Overall I think the test shoot worked well, and it’s helped me to identify areas that I need to take note of  for when I come to do the actual shoot.

bloggaImage © Sylvia Shek

For this Image I think the model was placed slightly too close to the background therefore there was still a slight light spillage affecting the blacks.  Pulling back the shadows and the blacks in camera raw helped slightly but the best way around this issue is to make sure the model is far enough away from the background.

blogbImage © Sylvia Shek

With this image the model ends up at the side of the frame. this is mainly due to the fact that the shutter fires at the end of the exposure, therefore when the model moves  it is vital that they dont move too far and end up outside of the frame.

blogccImage © Sylvia Shek

In this image the models hair and shoulder is blending into the shadows too much and there is not much definition in the head area of the motion blur making it appear headless.   It is important that the blur looks just as aesthetically pleasing as the main image does.
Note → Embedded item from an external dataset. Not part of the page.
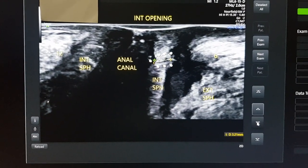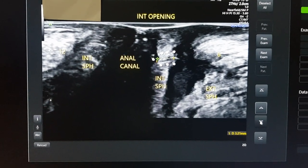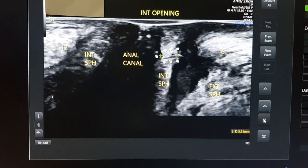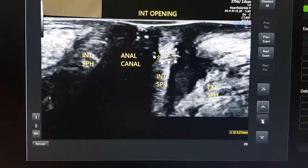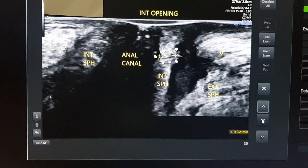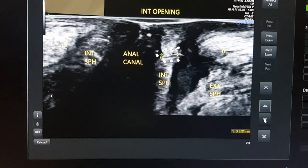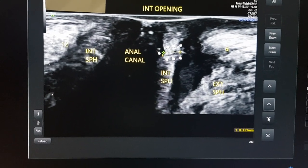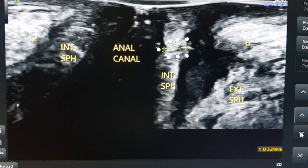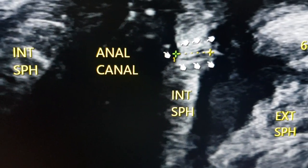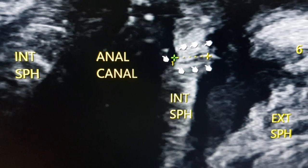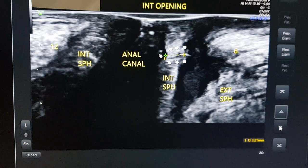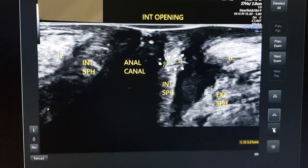After defining the external opening, tract, intersphincteric entrance, cranial ascent, and formation of the intersphincteric abscess, we now have to see where it is opening into the anal canal. You can see I have put arrows there which show the opening of the abscess into the anal canal at 6 o'clock position. There is the communication between the anal canal and the intersphincteric abscess. We have documented the internal opening.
A good way round this problem is to shoot lots of motion burr frames so that they may be used during post production to be merged into other frames to create  more pleasing aesthetics.

bloggdImage © Sylvia Shek

Once again the models shoulders and hair is disappearing into the blacks. a way round this would be to either introduce another light source high up behind the model shining downwards, this would bring out highlights over the shoulders and hair creating more definition.  Another way could be to shoot the model separately and blend in with previously captured motion blur during post production.

For the next shoot I will add the additional light source . also when styling the model i will aim to use lighter / bright colours as opposed to darks / blacks these measures will help reduce the likely hood of the clothing blending into the shadows.

Lighting test

Spent the day in the studio testing out the lighting.

I struggled at first to find the correct set up to achieve the desired effect, but eventually found a set up that worked quite well.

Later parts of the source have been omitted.